The People’s Bank of China (PBoC) reiterated that it is 'almost'ready to launch a central bank digital currency (CBDC) confirming that central bank money is in for major upgrades. It is in line with earlier announcements by Facebook, JP Morgan, Walmart that digital currencies are on the rise. The intent to offer a digital renminbi will likely serve to recalibrate if not change fundamentally national and international payments relations. By equipping the renminbi with new functionalities and utilities, it is likely to be a key part of China's long-held ambition of renminbi internationalisation.

The architecture of money is changing. Technology is transforming what money can do and what consumers want money to do. Central banks are catching up. The recent decision by the Federal Reserve to adopt faster payment is similarly indication that central banks are under pressure to modernise payments more generally. While faster payment is merely about moving money faster, CBDC is about changing money itself.

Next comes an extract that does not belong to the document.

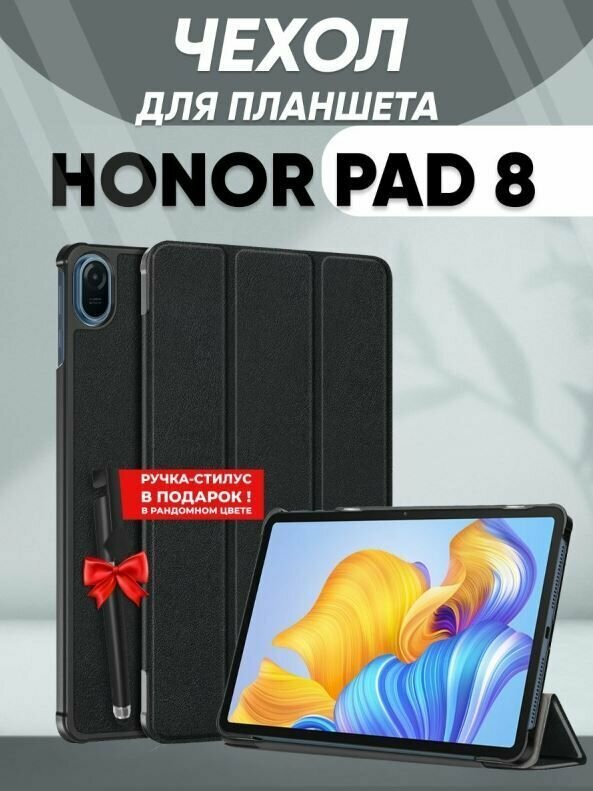 Умный чехол для Honor Pad 8, 12 дюйма, 2022 года, черный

Central bank money remains essential as medium of settlement. It exists in bank note and reserves formats. The first is to allow the non-bank public to make retail payments. The second consists of account balances of commercial banks at the central bank to conduct large value transactions. CBDC is central bank money in token format normally issued and run on a blockchain. It will likely be acquired similar to bank notes by exchanging reserves for CBDC. As such, the issuance of CBDC would merely be a substitution of central bank liabilities.

The PBoC indicated that its CBDC will not run on a ‘pure blockchain’. This could mean that it will use some distributed ledger technology (DLT) likely consisting of a permissioned network run by a select number of participants and where the PBoC retains full control over issuance. The PBoC also hinted that it will maintain the existing distribution channels for central bank money via commercial banks. If it were adopted now it would be a first.

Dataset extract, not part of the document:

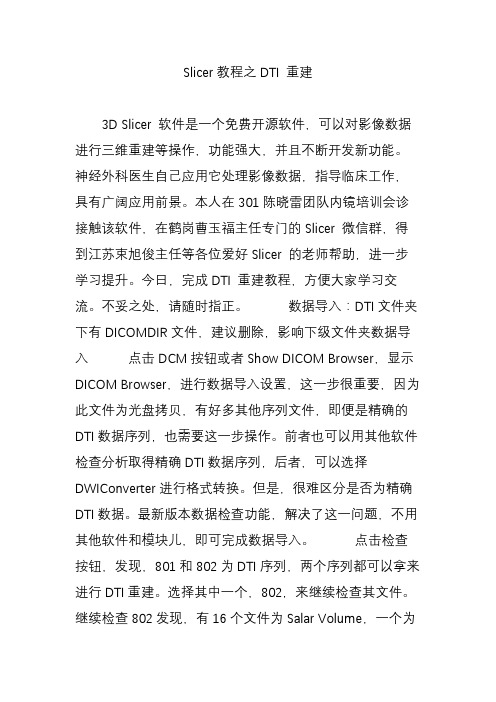 Slicer教程之DTI 重建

A CBDC launch soon would underline that the PBoC is confident that DLT can meet needed technological requirements to support monetary transactions. While tests have shown that DLT e.g. can meet and exceed peak performance in U.S. equity trading, similar tests for retail payments remain rare. The deployment of DLT would affirm that the technology has come of age.

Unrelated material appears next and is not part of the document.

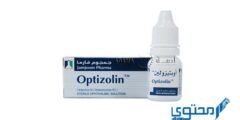 قطرة اوبتيزولين (optizolin) دواعي الاستخدام والجرعة الفعالة 2026 قطرة اوبتيزولين (optizolin) دواعي الاستخدام والجرعة الفعالة 2026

CBDC would be both catalyst and enabler of new token-based financial ecosystems. It forms integral part of a broader vision of the tokenisation of assets. Tokenisation is a new representation of assets, goods and rights that encapsulates all needed information to record and transfer ownership. Tokenisation promises to simplify exchanges by enabling asset token for currency token swaps through instantaneous settlement or atomic swaps. It also aims to bring greater liquidity to assets, lower transaction costs, enhance transparency and broaden access to payments.

CBDC enables diversification, resilience and choice in payments. At retail level, it would allow the non-bank public to conduct digital payments in central bank money on separate payment rails. In wholesale payments, it would offer alternative channels for central bank liquidity and enable peer-to-peer transactions. In international payments, it would make possible to conduct payment versus payment transactions by simply exchange of tokens and hold central bank money off shore possibly also as substitute for central bank foreign exchange reserve allocations.

CBDC is not about making payments faster. It is to change how currencies can be used. A DLT-enabled currency becomes an object that equipped with smart contracts can exhibit utility itself. Currency is thus evolving from having intrinsic value as commodity money, to having no intrinsic value as paper currency to restore some intrinsic value amid new functionality.

China is expected to use CBDC to advance its objective of making the renminbi become a prominent international currency. A tokenised renminbi would exhibit properties that could make it far easier to use it in international transactions and attractive to hold compared with conventional currencies. New financial technology may help overcome constraints that would normally reduce currencies’ attractiveness as international settlement or invoicing media. If central bank money liquidity can become more widely accessible, it may lead to a reordering of the importance of currencies and bring greater diversity in international payments. After monetary policy, fintech may be the new currency success factor.